Montreal voters stuck with the devil they knew
Denis Coderre celebrates as his wife, Chantale Renaud, looks on after winning the mayoral election Sunday, November 3, 2013 in Montreal.THE CANADIAN PRESS/Ryan Remiorz
Ryan Remiorz/CP

Just over a week before Denis Coderre was elected mayor of Montreal, the former Liberal MP gave an interview to La Presse’s Daphné Cameron. As per usual, Coderre spoke in a flurry of mostly meaningless clichés and truisms. (“I’m not married to a political party.” “I don’t assume people are guilty by association.”)

Among the clichés was this gem: Coderre’s roster of candidates, he said, were beacons of integrity in part because they passed the “Coderre filter.” The filtre Coderre came in handy, Coderre said, when vetting the 24 candidates from Union Montréal, the erstwhile municipal party that, at the very least, stood idly by as corruption took hold of the city.

“I had lawyers, there were questionnaires to fill out, interviews and after, there was the Coderre filter. I looked at them in the eye and I spoke to them,” Coderre explained, presumably with a straight face.

It took all of six days for La Presse to show the gaping hole in the Coderre filter. On Halloween, the paper revealed how Michel Bissonnet, Coderre’s star candidate in the eastern Montreal borough of St. Leonard, was at a birthday party organized by Montreal construction magnate Paolo Catania in the mid-2000s. Catania was arrested in May 2012 for allegedly cooking up a sweetheart land deal with former Montreal executive committee president Frank Zampino. Also at the party: Luc Leclerc, a municipal engineer who admitted to taking bribes from the owners of various construction companies—including Nicolo Milioto, who was also in attendance.

In short, Bissonnet is everything wrong with Montreal politics. Not guilty of anything, per se, but just the type of old-world, back-slapping politician the city desperately needs less of.

So what did Coderre do? Not a thing. Bissonnet remained on the slate, and Coderre himself plowed through the ensuing mini-crisis unbowed, filter be damned. And here’s the flabbergasting thing: Montrealers rewarded the pair with the keys to the city. Coderre is now mayor and Bissonnet, freshly re-elected, will in all likelihood retake his position on the city’s executive commission.

It’s frankly hard to believe.

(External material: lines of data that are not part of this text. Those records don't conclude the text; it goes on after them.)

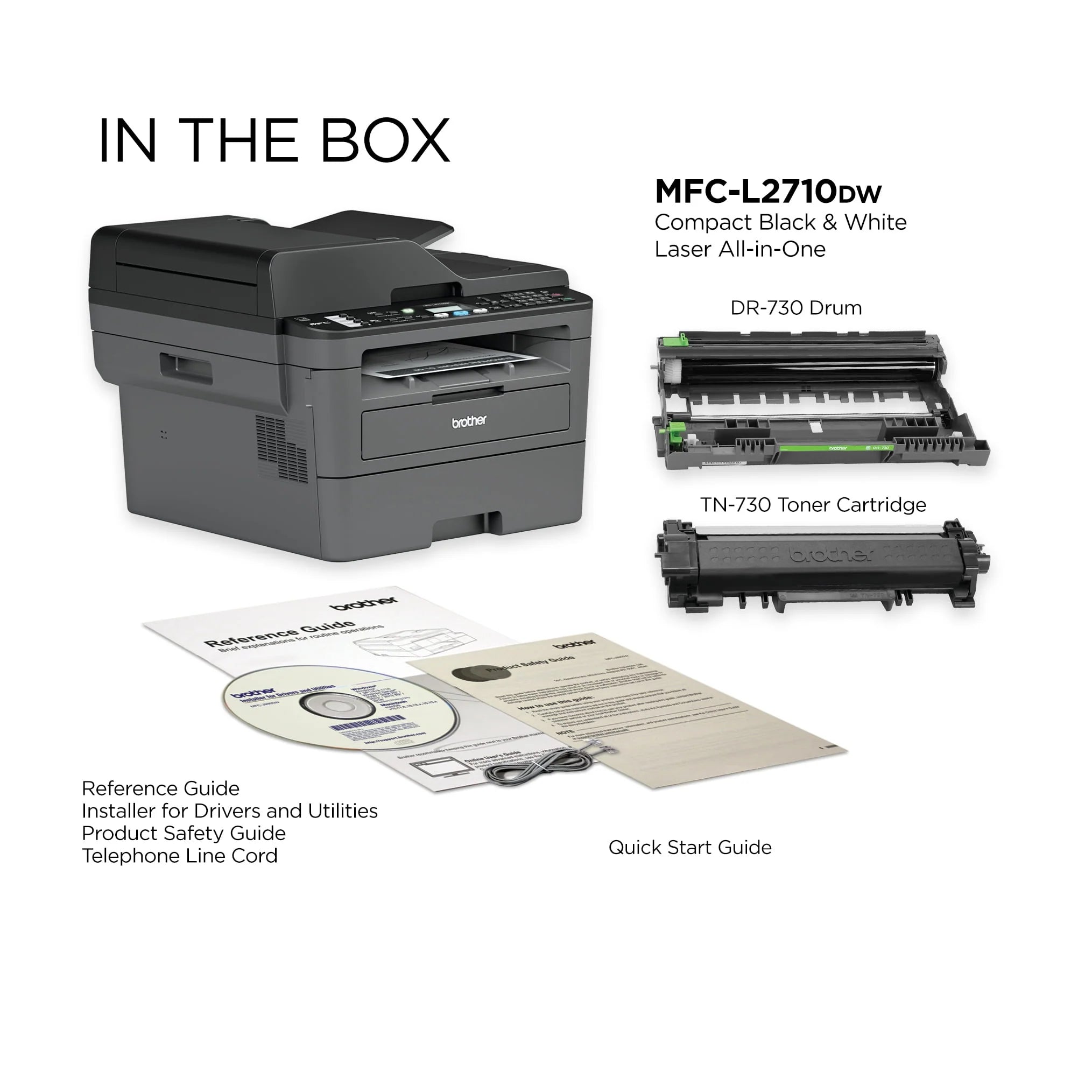 Monochrome Laser All-in-One Printer with Duplex Printing and Wireless Connectivity I85699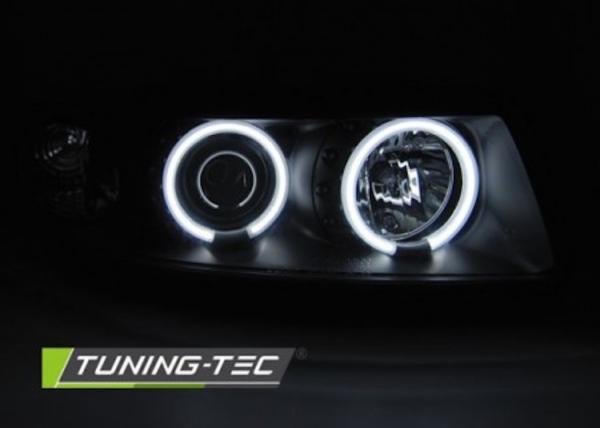 Scheinwerfer CCFL Angel Eyes passend für Seat Leon 1M / Toledo 1M Bj. 99-06 Schwarz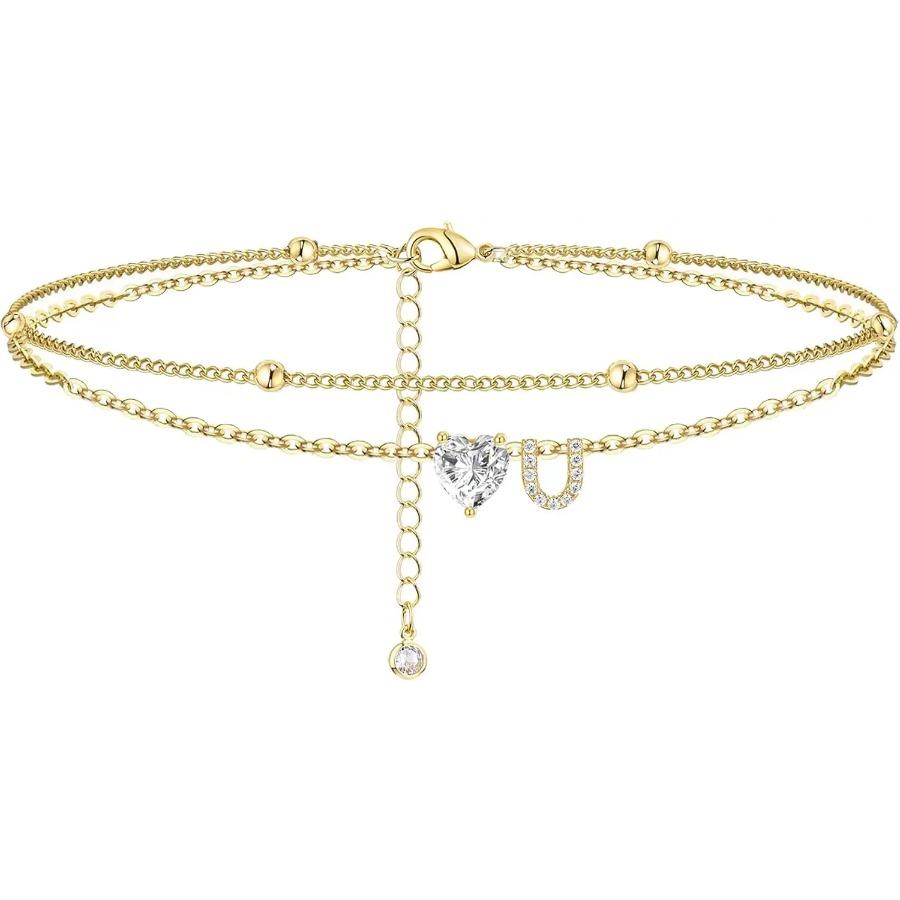 Ankle Bracelets for Women Waterproof 14K Gold Plated CZ Initial Dainty Layered Heart Anklets Foot Chain Summer Beach Jewelry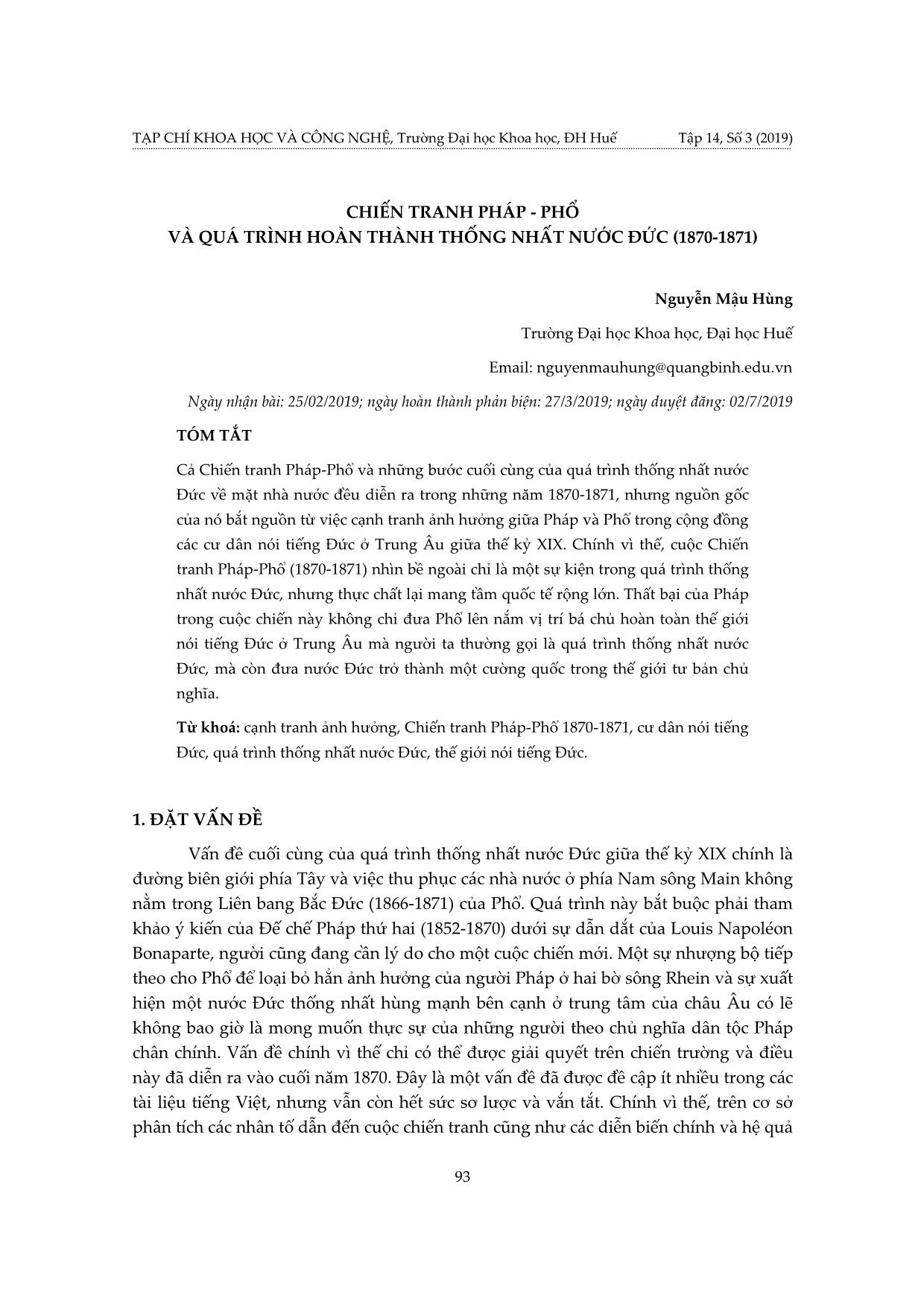 Chiến tranh Pháp - Phổ và quá trình hoàn thành thống nhất nước Đức (1870-1871) trang 1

For the last three months, Montrealers haven’t missed an opportunity to say how mad they are and how they aren’t going to take it anymore. Poll after poll said corruption was the No. 1 issue on voters’ minds leading up to election day. The collective outrage, the thinking went, would fulminate the mother of what political operatives call the “f–k-off vote,” sweeping the inertia from office and upending Montreal’s scandal-plagued status quo.

Instead, what we saw yesterday was essentially a repeat of the 2009 election: noisy campaign, low voter turnout (42 per cent) and the triumph of the status quo candidate by way of a giant, partisan get-out-the-vote operation.

Coderre has a few good ideas. He plans to create the position of inspector-general, to investigate the public tendering process and report to council. In recruiting candidates like Anie Samson, the dynamic (and nationalist) borough mayor of Villeray-Parc Extension, he has shown a certain outside-the-box thinking atypical of doctrinaire federalist politicians of his vintage. And Coderre was the staunchest of the four mayoral candidates in his opposition to the Parti Québécois’s so-called charter of Quebec values. It’s also worth noting that, Bissonnet aside, many of Coderre’s Union Montréal candidates bit the dust.

Yet his election is an indication of how Montreal’s collective cynicism has seemingly pounded people into indifference. Montreal is difficult to govern at the best of times, which certainly isn’t now. There were no better angels guiding Montrealers on election day. Rather, they stuck with the devil they knew.